Pelajaran dari Skandal Gratifikasi Hakim Agung AS Clarence Thomas
Utama

Pelajaran dari Skandal Gratifikasi Hakim Agung AS Clarence Thomas

Dunia akademik harus aktif ikut mengawasi Hakim Agung dan Hakim Konstitusi di puncak kekuasaan kehakiman Indonesia.

Oleh:
Normand Edwin Elnizar
Bacaan 3 Menit
Hakim Agung AS Clarence Thomas. Foto: The Supreme Court of the United States, 2007.
Hakim Agung AS Clarence Thomas. Foto: The Supreme Court of the United States, 2007.

Masa jabatan hakim agung yang otomatis seumur hidup tidak menjamin lebih aman dari jerat korupsi politik. Hal itu menjadi pelajaran penting dari skandal gratifikasi Hakim Mahkamah Agung Amerika Serikat, Clarence Thomas yang terungkap dua bulan lalu. Thomas awalnya dilaporkan untuk fasilitas perjalanan mewah dari pengusaha pendonor Partai Republik.

Gratifikasi itu ia dapat selama dua dekade sejak menjadi hakim agung. Laporan investigasi media massa ProPublica terus berkembang pada gratifikasi lainnya berupa penerimaan pembayaran biaya sekolah untuk cucunya dan transaksi jual beli mencurigakan dari pengusaha yang sama.

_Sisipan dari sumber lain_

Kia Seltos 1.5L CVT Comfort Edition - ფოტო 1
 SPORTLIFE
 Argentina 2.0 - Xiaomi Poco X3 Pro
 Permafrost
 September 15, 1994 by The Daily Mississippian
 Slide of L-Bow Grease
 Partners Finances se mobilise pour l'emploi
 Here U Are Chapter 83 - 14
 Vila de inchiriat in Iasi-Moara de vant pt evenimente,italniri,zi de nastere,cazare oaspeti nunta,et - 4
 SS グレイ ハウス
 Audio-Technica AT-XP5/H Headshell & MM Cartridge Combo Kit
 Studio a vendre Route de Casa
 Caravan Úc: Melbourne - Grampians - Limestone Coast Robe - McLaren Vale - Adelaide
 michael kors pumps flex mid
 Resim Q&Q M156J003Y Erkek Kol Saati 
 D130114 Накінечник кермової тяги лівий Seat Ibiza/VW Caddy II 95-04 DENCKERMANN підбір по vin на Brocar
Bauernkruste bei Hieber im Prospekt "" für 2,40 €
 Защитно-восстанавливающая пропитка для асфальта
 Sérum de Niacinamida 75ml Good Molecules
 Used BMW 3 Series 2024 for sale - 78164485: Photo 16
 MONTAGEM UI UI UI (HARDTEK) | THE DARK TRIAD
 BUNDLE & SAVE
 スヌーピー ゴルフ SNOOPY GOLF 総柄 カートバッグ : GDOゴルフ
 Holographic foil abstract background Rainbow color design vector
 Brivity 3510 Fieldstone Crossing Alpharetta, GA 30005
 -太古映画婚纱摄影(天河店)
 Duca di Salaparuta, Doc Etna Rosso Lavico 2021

“Formula masa jabatan seumur hidup atau punya batas waktu tertentu tidak ada yang pasti bisa menghindarkan hakim dari perilaku koruptif,” kata Peneliti Lembaga Kajian dan Advokasi Independensi Peradilan (LeIP) Muhammad Tanziel ‘Azhe’ Aziezi kepada Hukumonline. Azhe menilai integritas hakim agung atau hakim konstitusi di puncak peradilan tidak bisa dikontrol dengan sistem masa jabatan.

Baca Juga:

“Pelajaran dari Clarence Thomas adalah menyaring ketat sejak awal calon hakim agung. Periksa laporan harta kekayaannya dan integritasnya,” ujar Azhe mengusulkan. Perlu dicatat Thomas mulai menjabat pada tahun 1991 pada usia 43 tahun hingga kini. Pada saat itu Thomas sudah diisukan punya skandal soal pelecehan seksual. Toh, ia tetap lolos uji kepatutan oleh parlemen Amerika Serikat dan menjabat hakim agung.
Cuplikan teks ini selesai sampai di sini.